What needs to be given up is the idea of limitless growth. Shortening the work week and reconsidering the mad rush to automate everything will go a longer way to full employment than continually chasing the impossibility of endless economic growth.
What we have to hear very clearly from Hansen is his call for six percent or more decrease in C emissions immediately and Kevin Anderson's call for 10% or more reductions from industrialized countries. These are arguably the top climatologists in the world.
Neither nukes nor alternatives can be built fast enough to accommodate those kinds of cuts--cuts needed if we are going to have even the mere posibility of a livable world. Only 'demand side' can possibly respond that fast.

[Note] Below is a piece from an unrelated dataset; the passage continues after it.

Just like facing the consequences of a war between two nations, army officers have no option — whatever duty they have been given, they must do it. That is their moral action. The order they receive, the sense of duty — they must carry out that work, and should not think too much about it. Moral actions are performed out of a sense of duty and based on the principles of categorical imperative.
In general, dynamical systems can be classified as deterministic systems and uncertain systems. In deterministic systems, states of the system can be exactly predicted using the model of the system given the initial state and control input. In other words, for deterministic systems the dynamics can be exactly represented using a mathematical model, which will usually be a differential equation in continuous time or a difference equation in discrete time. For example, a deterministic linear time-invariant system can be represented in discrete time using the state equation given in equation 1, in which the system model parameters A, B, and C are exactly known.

These scientists have bravely told us the truth--the situation is beyond crisis level now. If we don't immediately turn the ship around we are going over the falls. The job of the rest of us is to telegraph that extreme level of urgency to our fellow citizens and to our 'leaders.' -
Andy Skuce at 13:52 PM on 21 December 2013Gavin Schmidt … Speaking up and Speaking Out
I suspect Eli was influenced by Hansen's AGU presidential address. Hansen was very clear for the first part of his talk when he described the physics of climate change. It is obvious that he has a solid grasp of this, because he can explain it in a rational and logical manner, as well or better than anyone. On the moral imperative, he was also very convincing, speaking from the heart and with everything based on moral principles that he holds and that most of us share.

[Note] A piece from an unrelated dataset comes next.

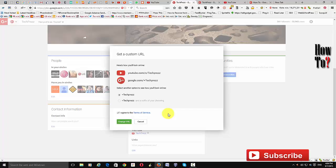This is how you get a custom URL for your YouTube channel and for your Google Plus page. I hope this helps — please subscribe to my channel for more videos like this, and thank you for watching.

However, at the end of his talk, he drifted into a bit of an incoherent ramble. He is clearly a skeptic of the potential of renewable energy to power our economy and an enthusiast for nuclear power. I hesitantly lean that way, too, but it's a difficult case that needs to be made with detailed arguments and data, not just assertions and appeals to common sense.

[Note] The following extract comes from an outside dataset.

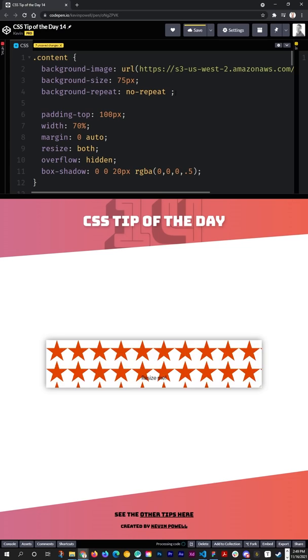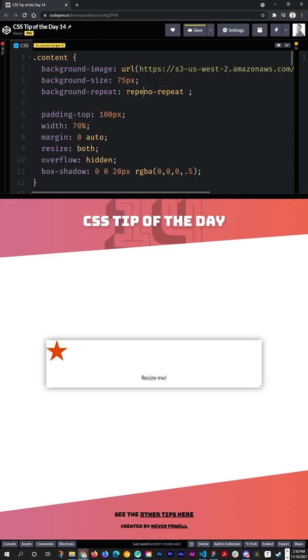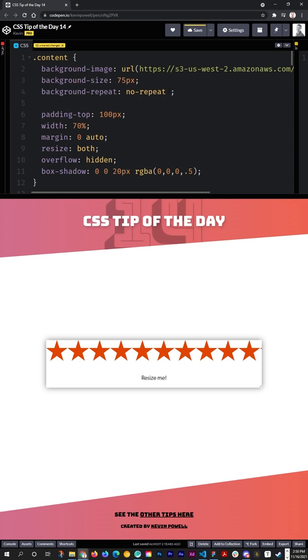Of course then our background doesn't actually repeat, but we can do something a bit more interesting here because the background-repeat is actually a shorthand. So I could put repeat and no-repeat, and then I'm doing it for my x-axis here and my y-axis here, or of course we could invert that the other way.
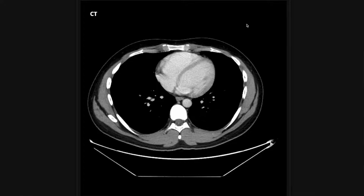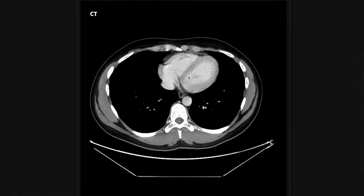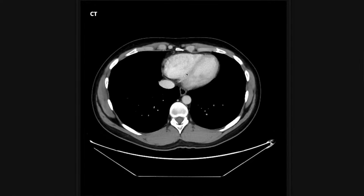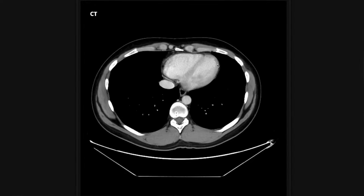Now on to my search pattern. The first thing I look at is the thorax — you get a little bit of the lower thorax and that includes the heart and lungs. I take a look at the heart, checking for pericardial fluid, coronary artery calcifications, and LV thrombus. Sometimes you can catch those in the left ventricle.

Similarly, he wants to see a revenue-neutral carbon tax introduced, but it's not enough for him simply to say that such a policy is self-evidently the best one, although I would agree that it probably is. Nor should we assume that such a tax would be sufficient to solve the climate crisis. In my opinion, this would only be a good start, we'll need lots of regulations, plenty of government support for research and development and a change in the culture of consumerism and growth.
Hansen shows both the positive and negative cases for scientists becoming advocates.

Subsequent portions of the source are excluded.